9 PM:  I search this fancy building for a place to lay my naraleptic puppy head.  I see a long table with a white table cloth offering me privacy.  Drawing on my training, I stop, drop, and roll underneath it.  Confused bistanders, uncertain of what to do, break the social awkwardness by bringing me a pillow.  

Midnight:  Time for late night.  I go to the next venue to prepare for my dj set.  When I get there I see it is a restaurant and that I will be playing through their PA.  

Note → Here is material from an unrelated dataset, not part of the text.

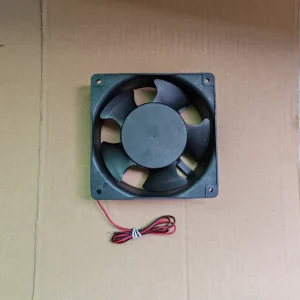Factory Directly Offer Cooling Fan 12038mm 2500rpm 85~230V EC Brushless Industrial Axial Cooling Fan 120*120*38mm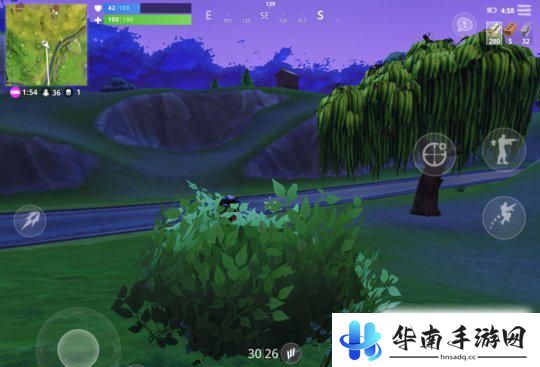 堡垒之夜移动端评测 无愧四十余国榜首12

 12:02 AM:  I am made aware by the manager that the PA system input is in his office in the back of the restaurant next to the kitchen.  This proves slightly troubling for me as I am someone who makes their dj set on the fly based off of watching the energy in the room.  I search my bag to see if I brought my Superman X-Ray vision googles.  I find only my Batman utility belt.

Though initially disappointed, I do give thanks for the Cobra bite deflector kit it has in the left side compartment.   

1-3 AM:  After a bizzarre set of running back and forth from the manager’s office to the main room trying to pick up on the vibes of the room, my hunger peaks its head and I scout for unmanned food that doesn’t have legs to run away.

3:30 AM:  Spotting half eaten tray of nachos on it’s way to the trash camps of Siberia, I attempt rescue mission.  Convince confused waitress to box this food item for a man who didn’t purchase it.  Apparently she never saw Shindler’s List and the power that comes from saving a life.

Operation Retrieve Nachos is a glowing success. 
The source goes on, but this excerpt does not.